1 Bijvoorbeeld door de geschonken of geërfde gelden te boeken op een nieuwe rekening op uw eigen naam.
Gesplitste aankoop
Bij de aankoop van een onroerend goed kunt u ervoor kiezen om zelf het vruchtgebruik aan te kopen en uw kinderen de blote eigendom. Hierdoor vermijdt u dat dit aangekochte goed bijkomend belast wordt in uw successie, terwijl u tijdens uw leven alle genotsrechten2 behoudt. Bij uw overlijden dooft uw vruchtgebruik uit en worden uw kinderen automatisch volle eigenaar, en dit zonder dat er in beginsel erfbelasting (successierecht) verschuldigd is.

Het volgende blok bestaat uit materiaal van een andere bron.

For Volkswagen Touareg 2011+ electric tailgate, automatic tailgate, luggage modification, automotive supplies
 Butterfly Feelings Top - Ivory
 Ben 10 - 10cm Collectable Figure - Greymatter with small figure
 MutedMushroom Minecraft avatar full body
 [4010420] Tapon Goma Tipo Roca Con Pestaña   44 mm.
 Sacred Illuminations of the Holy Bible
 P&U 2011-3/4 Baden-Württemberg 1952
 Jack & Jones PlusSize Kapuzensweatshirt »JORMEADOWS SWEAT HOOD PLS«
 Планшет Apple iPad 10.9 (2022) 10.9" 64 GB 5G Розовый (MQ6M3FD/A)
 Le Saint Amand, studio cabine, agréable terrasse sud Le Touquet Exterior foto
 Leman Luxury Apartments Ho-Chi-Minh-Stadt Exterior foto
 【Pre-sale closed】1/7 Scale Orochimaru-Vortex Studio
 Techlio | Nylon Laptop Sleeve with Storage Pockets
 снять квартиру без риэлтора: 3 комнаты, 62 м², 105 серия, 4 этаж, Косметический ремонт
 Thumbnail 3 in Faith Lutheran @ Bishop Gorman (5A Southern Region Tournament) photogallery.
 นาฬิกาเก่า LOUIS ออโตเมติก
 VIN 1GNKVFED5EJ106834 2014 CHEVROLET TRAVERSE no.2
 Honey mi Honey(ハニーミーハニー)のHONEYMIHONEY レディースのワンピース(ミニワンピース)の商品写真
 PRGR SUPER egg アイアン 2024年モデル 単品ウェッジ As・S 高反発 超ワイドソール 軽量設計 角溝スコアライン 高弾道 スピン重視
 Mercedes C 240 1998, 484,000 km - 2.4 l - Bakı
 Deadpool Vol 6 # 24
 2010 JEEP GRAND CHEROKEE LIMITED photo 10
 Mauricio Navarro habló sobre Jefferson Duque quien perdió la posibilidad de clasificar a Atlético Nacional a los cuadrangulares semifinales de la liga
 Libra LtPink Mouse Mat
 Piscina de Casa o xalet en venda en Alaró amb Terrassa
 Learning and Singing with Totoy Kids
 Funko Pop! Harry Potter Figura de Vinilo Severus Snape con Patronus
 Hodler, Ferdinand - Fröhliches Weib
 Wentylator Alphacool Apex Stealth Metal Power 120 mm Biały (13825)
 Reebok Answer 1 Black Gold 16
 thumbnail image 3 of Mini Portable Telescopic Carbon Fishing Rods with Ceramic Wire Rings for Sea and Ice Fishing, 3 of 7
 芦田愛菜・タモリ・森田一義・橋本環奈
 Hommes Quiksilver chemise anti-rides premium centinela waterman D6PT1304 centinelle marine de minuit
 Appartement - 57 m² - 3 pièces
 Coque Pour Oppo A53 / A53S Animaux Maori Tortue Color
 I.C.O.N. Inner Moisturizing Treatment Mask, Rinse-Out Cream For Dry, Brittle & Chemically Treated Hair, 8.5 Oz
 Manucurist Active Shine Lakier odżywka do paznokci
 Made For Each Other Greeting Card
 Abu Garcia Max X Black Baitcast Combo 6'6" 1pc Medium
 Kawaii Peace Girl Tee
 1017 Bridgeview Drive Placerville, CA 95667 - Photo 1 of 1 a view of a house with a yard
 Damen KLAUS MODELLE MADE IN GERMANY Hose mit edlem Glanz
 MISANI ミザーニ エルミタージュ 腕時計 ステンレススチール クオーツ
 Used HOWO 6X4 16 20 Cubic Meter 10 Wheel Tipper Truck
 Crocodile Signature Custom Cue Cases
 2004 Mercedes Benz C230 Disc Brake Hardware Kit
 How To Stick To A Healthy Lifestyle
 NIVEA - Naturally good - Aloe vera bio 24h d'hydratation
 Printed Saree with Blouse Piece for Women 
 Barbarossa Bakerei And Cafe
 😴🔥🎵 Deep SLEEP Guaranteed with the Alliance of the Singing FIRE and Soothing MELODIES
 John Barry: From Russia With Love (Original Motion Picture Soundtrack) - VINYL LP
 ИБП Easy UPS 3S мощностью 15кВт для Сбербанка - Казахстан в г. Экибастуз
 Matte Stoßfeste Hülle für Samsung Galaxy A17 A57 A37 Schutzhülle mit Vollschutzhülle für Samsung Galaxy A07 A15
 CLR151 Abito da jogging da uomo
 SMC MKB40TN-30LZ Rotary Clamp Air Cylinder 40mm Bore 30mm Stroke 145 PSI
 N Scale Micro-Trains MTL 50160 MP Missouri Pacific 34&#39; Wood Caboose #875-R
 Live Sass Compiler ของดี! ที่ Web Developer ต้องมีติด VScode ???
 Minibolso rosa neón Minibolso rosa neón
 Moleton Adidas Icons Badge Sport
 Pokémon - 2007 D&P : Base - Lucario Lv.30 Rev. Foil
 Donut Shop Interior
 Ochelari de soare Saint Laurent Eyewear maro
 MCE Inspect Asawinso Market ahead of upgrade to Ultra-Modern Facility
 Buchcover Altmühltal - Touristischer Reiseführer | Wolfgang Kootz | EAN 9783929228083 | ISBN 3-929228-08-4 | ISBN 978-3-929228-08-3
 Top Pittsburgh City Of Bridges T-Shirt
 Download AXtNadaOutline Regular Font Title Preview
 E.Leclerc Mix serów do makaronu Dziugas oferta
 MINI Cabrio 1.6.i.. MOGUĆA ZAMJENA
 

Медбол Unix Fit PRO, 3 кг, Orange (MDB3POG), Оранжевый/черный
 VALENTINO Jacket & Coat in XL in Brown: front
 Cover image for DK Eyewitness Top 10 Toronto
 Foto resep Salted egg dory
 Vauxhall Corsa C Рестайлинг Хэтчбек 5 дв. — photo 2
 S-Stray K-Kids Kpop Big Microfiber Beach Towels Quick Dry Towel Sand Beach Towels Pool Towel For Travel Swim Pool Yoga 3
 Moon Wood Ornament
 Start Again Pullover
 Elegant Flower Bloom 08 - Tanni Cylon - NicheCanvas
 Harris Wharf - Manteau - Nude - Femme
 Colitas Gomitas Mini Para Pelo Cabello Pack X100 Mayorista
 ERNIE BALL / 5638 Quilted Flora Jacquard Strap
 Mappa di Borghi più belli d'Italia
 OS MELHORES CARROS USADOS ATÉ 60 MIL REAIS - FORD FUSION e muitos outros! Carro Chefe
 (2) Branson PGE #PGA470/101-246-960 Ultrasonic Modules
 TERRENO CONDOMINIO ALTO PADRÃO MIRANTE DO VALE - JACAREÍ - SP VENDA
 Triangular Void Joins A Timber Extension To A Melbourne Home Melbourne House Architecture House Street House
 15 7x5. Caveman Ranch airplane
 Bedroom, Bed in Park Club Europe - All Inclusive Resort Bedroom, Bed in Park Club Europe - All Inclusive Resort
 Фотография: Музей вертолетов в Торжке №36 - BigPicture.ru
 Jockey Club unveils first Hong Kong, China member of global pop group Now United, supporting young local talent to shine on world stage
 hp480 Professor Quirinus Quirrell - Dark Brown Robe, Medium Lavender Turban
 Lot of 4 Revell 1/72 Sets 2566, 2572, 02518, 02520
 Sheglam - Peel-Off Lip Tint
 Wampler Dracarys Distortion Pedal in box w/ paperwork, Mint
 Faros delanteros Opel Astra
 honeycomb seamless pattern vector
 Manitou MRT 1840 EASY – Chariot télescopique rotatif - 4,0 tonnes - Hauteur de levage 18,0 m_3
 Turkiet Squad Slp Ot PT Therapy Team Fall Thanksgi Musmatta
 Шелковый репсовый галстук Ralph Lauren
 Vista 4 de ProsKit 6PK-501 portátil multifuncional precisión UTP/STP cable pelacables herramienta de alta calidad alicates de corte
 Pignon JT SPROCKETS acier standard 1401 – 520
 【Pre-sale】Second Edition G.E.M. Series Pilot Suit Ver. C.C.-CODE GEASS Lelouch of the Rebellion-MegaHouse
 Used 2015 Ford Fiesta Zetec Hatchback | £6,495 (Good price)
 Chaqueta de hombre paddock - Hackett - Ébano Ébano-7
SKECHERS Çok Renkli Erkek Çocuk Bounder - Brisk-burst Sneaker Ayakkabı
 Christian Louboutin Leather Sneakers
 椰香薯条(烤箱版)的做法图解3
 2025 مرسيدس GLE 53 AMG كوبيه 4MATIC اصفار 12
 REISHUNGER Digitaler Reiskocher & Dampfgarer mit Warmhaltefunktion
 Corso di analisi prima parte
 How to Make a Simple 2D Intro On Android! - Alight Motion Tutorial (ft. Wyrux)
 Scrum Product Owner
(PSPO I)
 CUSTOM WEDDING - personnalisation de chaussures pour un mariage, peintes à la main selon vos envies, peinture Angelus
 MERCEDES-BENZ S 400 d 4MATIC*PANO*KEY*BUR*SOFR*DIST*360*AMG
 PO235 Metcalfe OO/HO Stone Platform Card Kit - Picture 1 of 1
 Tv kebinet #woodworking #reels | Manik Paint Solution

Wanneer uw kinderen niet over voldoende eigen middelen beschikken om de aankoop van de blote eigendom te financieren, kunt u hen hiervoor de nodige fondsen schenken. Wees hierbij voorzichtig, want om te vermijden dat uw kinderen alsnog erfbelasting (successierechten) moeten betalen op de waarde van de volle eigendom van het aangekochte goed, moeten zij op het ogenblik van uw overlijden (en dat kan vele jaren na de aankoop zijn) een aantal bewijzen kunnen voorleggen:
- dat zij tijdig over voldoende eigen financiële middelen beschikten om hun deel in de aankoopprijs te betalen. Zij kunnen dit bewijs leveren door het overleggen van schenkingsakten en rekeninguittreksels en/of van het aangaan van een hypothecaire lening,
- dat zij die middelen effectief gebruikt hebben voor de aankoop van de woning, en
- dat de uitsplitsing van de prijs over de vruchtgebruiker(s) en de blote eigenaar(s) correct gebeurde.
2 Zo kunt u in uw hoedanigheid van vruchtgebruiker levenslang in de aangekochte woning blijven wonen, of kunt u deze verhuren en de huurgelden opstrijken.